The task » The records need to be set down again exactly as they appear.

#####

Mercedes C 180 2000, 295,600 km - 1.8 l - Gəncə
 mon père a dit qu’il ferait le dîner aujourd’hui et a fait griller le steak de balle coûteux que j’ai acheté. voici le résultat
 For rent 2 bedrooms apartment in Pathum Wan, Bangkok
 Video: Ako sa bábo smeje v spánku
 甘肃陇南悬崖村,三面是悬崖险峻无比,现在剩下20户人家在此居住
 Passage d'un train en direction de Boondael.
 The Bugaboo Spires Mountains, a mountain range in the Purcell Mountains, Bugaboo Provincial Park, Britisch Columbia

#####

Answer to this exercise »
Mercedes C 180 2000, 295,600 km - 1.8 l - Gəncə
 mon père a dit qu’il ferait le dîner aujourd’hui et a fait griller le steak de balle coûteux que j’ai acheté. voici le résultat
 For rent 2 bedrooms apartment in Pathum Wan, Bangkok
 Video: Ako sa bábo smeje v spánku
 甘肃陇南悬崖村,三面是悬崖险峻无比,现在剩下20户人家在此居住
 Passage d'un train en direction de Boondael.
 The Bugaboo Spires Mountains, a mountain range in the Purcell Mountains, Bugaboo Provincial Park, Britisch Columbia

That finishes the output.